*EXERCISE REQUIREMENTS:* Copy out all the records exactly.

Items from a data source
↓

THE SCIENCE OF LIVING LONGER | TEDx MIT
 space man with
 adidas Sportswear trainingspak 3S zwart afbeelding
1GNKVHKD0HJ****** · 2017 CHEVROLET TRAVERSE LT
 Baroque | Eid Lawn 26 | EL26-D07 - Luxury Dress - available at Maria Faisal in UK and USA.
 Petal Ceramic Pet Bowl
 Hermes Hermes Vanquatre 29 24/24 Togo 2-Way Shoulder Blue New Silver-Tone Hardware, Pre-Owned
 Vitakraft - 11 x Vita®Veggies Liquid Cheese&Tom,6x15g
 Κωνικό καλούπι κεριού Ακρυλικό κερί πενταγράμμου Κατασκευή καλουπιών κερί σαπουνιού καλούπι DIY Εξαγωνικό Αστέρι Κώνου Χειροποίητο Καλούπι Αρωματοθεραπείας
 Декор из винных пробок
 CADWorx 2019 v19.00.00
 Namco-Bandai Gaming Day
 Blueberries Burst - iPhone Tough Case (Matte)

↑

*EXERCISE OUTPUT:*
THE SCIENCE OF LIVING LONGER | TEDx MIT
 space man with
 adidas Sportswear trainingspak 3S zwart afbeelding
1GNKVHKD0HJ****** · 2017 CHEVROLET TRAVERSE LT
 Baroque | Eid Lawn 26 | EL26-D07 - Luxury Dress - available at Maria Faisal in UK and USA.
 Petal Ceramic Pet Bowl
 Hermes Hermes Vanquatre 29 24/24 Togo 2-Way Shoulder Blue New Silver-Tone Hardware, Pre-Owned
 Vitakraft - 11 x Vita®Veggies Liquid Cheese&Tom,6x15g
 Κωνικό καλούπι κεριού Ακρυλικό κερί πενταγράμμου Κατασκευή καλουπιών κερί σαπουνιού καλούπι DIY Εξαγωνικό Αστέρι Κώνου Χειροποίητο Καλούπι Αρωματοθεραπείας
 Декор из винных пробок
 CADWorx 2019 v19.00.00
 Namco-Bandai Gaming Day
 Blueberries Burst - iPhone Tough Case (Matte)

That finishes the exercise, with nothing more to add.